W dniu 27 lipca 2015 r. B. K. przebywała w klinice (...) w Szpitalu (...) w Ł..
Pozwany ubezpieczyciel wypłacił B. K. świadczenia z polisy nr (...): w dniu 15 września 2015 r. - dwukrotnie w kwocie po 200 zł, w dniu 09 listopada 2015 r. - w kwocie 150 zł
B. K. zmarła w dniu 19 listopada 2015 r. W karcie zgonu jako pierwotną przyczynę śmierci wskazano nowotwór złośliwy jelita grubego.
W dacie tej śmierci jej dzieci uczyły się: R. K. (1) był studentem, R. K. (2) -uczniem.
W dniu 20 listopada 2015 r. powodowie zgłosili pozwanemu szkodę - śmierć osoby ubezpieczonej B. K. i wnieśli o wypłatę świadczeń z tego tytułu.
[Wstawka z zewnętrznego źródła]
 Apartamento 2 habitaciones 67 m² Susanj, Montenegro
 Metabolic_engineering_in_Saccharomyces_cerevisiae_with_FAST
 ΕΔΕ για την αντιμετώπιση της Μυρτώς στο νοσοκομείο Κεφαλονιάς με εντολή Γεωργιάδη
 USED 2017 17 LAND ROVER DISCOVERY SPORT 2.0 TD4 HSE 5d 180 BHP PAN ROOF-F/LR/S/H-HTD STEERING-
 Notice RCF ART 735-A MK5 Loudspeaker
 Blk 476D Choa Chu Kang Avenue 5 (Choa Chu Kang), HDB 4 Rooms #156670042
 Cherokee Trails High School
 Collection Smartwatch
W toku postępowania likwidacyjnego ubezpieczyciel zlecił prywatną ekspertyzę grafologiczną, w oparciu o która stwierdził, że podpis na deklaracji przystąpienia do ubezpieczenia nie został złożony przez B. K..
Decyzjami z dnia 08 grudnia 2015 r. ubezpieczyciel odmówił R. K. (2) i R. K. (1) wypłaty świadczenia z tytułu osierocenia, wynikającego z dodatkowego grupowego ubezpieczenia na wypadek osierocenia dziecka. Powołał się na fakt, że ręczny podpis na deklaracji przystąpienia do ubezpieczenia nie został złożony przez ubezpieczoną B. K..
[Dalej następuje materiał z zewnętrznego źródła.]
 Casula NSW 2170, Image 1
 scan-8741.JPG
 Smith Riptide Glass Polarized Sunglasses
Decyzjami z dnia 08 grudnia 2015 r. ubezpieczyciel odmówił K. K., R. K. (2), R. K. (1) wypłaty świadczenia z tytułu śmierci ubezpieczonego, wynikającego z grupowego ubezpieczenia pracowniczego typu P (...). Powołał się na fakt, że ręczny podpis na deklaracji przystąpienia do ubezpieczenia nie został złożony przez ubezpieczoną B. K..
K. K. złożył reklamację od decyzji pozwanego dnia 29 grudnia 2015 r. W dniu 04 stycznia 2016 r. ubezpieczyciel podtrzymał stanowisko wyrażone w poprzednich decyzjach - z uwagi na brak pisemnej zgody B. K. na objęcie ochroną ubezpieczeniową.
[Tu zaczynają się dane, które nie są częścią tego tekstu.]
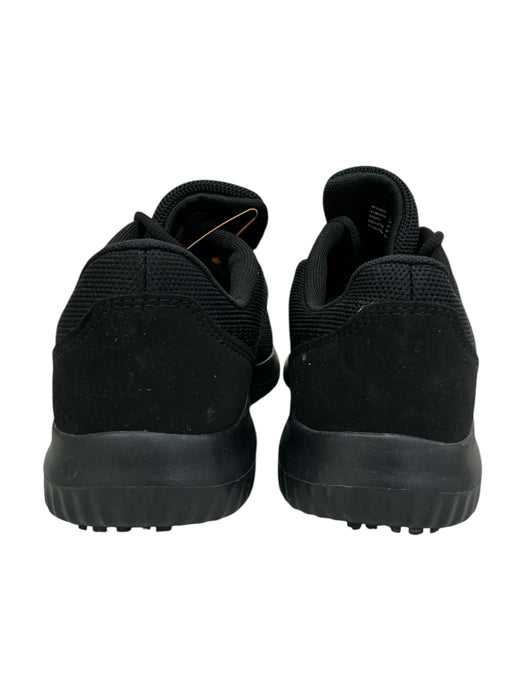 Tenis 9 (TREDSAFE)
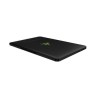 Razer Blade 14 AMD Ryzen 9 16GB 1TB RTX 3070Ti 165Hz 14 Inch Windows 11 Gaming Laptop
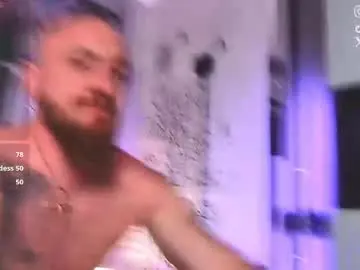 Chaturbate Live Porn of nikki7377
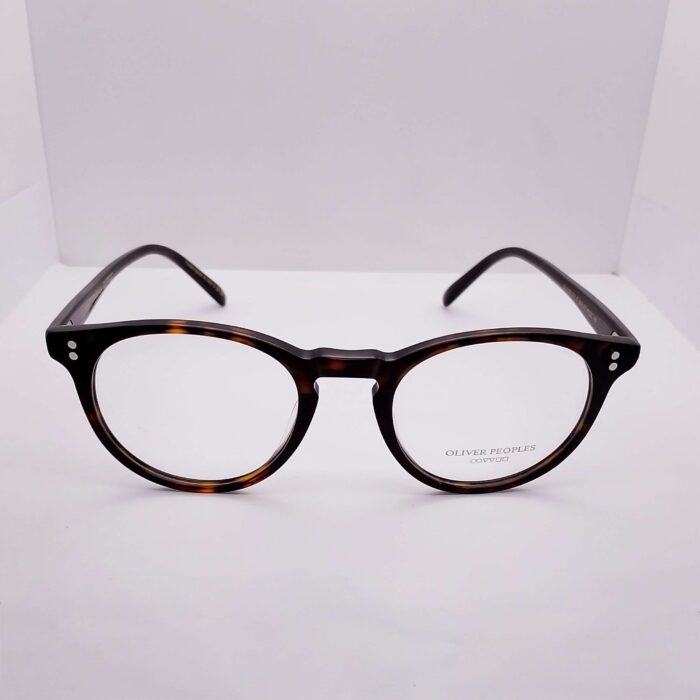 Oliver Peoples OV5183 1211 O'Malley - Image 3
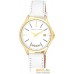 Наручные часы Anne Klein 1976WTWT. Фото №1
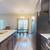 ✨ Your next home might just be this townhome! 2 thumbnail
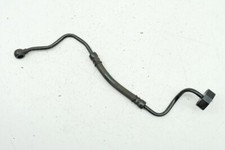 Kymco Zing 125 RFBRF25AA Oil Line Right Oil Cooler -> Engine Oil Hose 8785 km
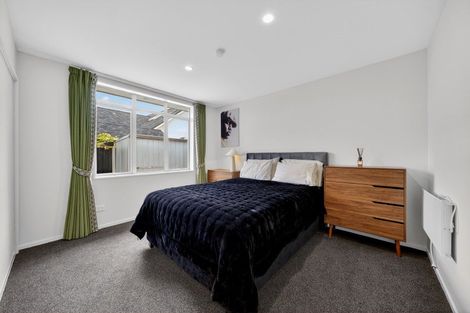 Photo of property in 66 Lamorna Road, Parklands, Christchurch, 8083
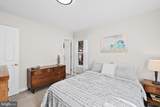 16 Marview Drive - Photo 16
Postępowanie prowadzone w sprawie podrobienia podpisu B. K. na deklaracji przystąpienia do ubezpieczenia pracowniczego w (...) na (...) S.A. zostało umorzone w dniu 27 lipca 2016 r. z powodu niewykrycia sprawcy.
Na podstawie tak ustalonego stanu faktycznego Sąd Rejonowy uznał, że B. K. nie może być uznana za ubezpieczoną w trybie art. 805 § 1 k.c. W przypadku jej śmierci osobom, które - wedle twierdzeń pozwu zostały wskazane przez nią jako uposażone, nie przysługują od (...) na (...) S.A. żadne świadczenia z tytułu polisy nr (...). W tym stanie rzeczy powództwo zostało oddalone.
Odrębnym postanowieniem Sąd I instancji orzekł o nieobciążaniu pozwanych R. K. (2) i R. K. (1) kosztami procesu na podstawie art. 102 k.p.c. Natomiast o kosztach procesu w stosunku do pozwanego K. K. orzekł na podstawie art. 98 k.p.c.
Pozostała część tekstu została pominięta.